The invention relates to microbiological biotechnology, in particular to a process for cultivation of yeast strain Saccharomyces cerevisiae CNMN-Y-20, and may be used in microbiological, food and pharmaceutical industries.The process, according to the invention, consists in that the yeast are cultivated on beer wort for 24 hours, at a temperature of 25°C, then are irradiated with millimetric waves with the frequency of 53.3 GHz, emitted continuously for 20 minutes, after which the yeast culture, with the concentration of 2x106 cells/ml, is transferred to a YPD or Rieder sterile nutrient medium in an amount of 5 vol.% and is cultivated submerged under continuous stirring conditions of 200 rpm, at a temperature of 25°C, for 120 hours.

Description

The invention relates to microbial biotechnologies, in particular to a method of cultivating the yeast strain Saccharomyces cerevisiae CNMN-Y-20, and can be used in the microbiological, food and pharmaceutical industries.

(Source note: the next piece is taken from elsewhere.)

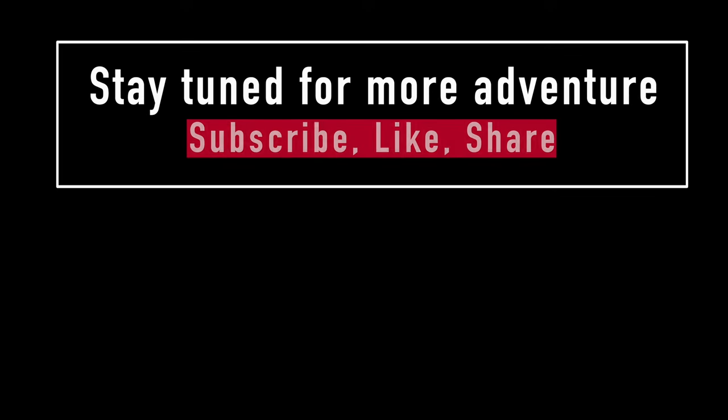Thanks for watching. I will see you guys someplace or another. Don't forget to like, subscribe, and most importantly, have a great day. Bye! Stay tuned for more adventure to come — subscribe, like, share. Thanks for watching. Bye!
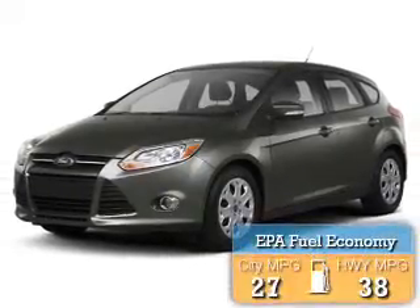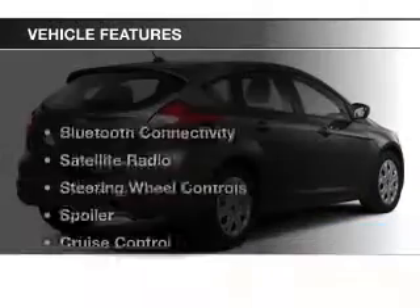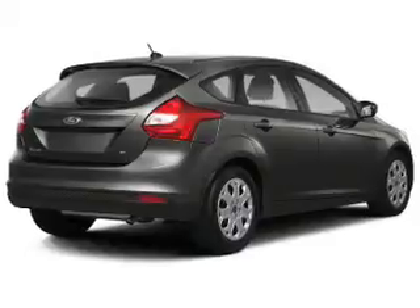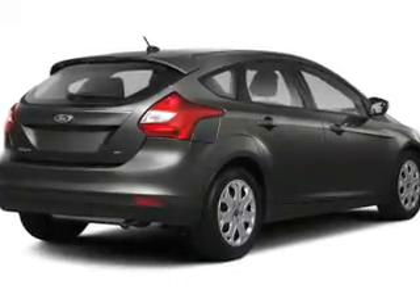Great fuel efficiency saves you money by requiring fewer trips to the gas station. The features include Bluetooth connectivity, a satellite radio, steering wheel controls, a spoiler, and cruise control.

There is a known process of submerged cultivation of yeast strains on media containing precursors of β-glucan biosynthesis (monosaccharides, meal extracts, etc.) [1]. The disadvantage of the process consists in the small content of β-glucans accumulated in the cellular biomass.

The closest solution is the cultivation process of the yeast strain Saccharomyces cerevisiae CNMN-Y-20 which includes the steps: preparation of the seed material on beer wort, cultivation period of 3 days at a temperature of 20° C, inoculation of the germs in the fermentation medium sterile YPD or Rieder. The duration of cultivation in depth, on a shaker (200 r.p.m.), at a temperature of 20 or 25° C is 120 hours [2].

Cultivation in the indicated fermentation media and conditions ensure the accumulation of 15.38...22.5% β-glucans in the dry yeast biomass.

The disadvantage of this prototype is that the biosynthetic potential of the strain is not fully realized and the β-glucan content does not reach the maximum value.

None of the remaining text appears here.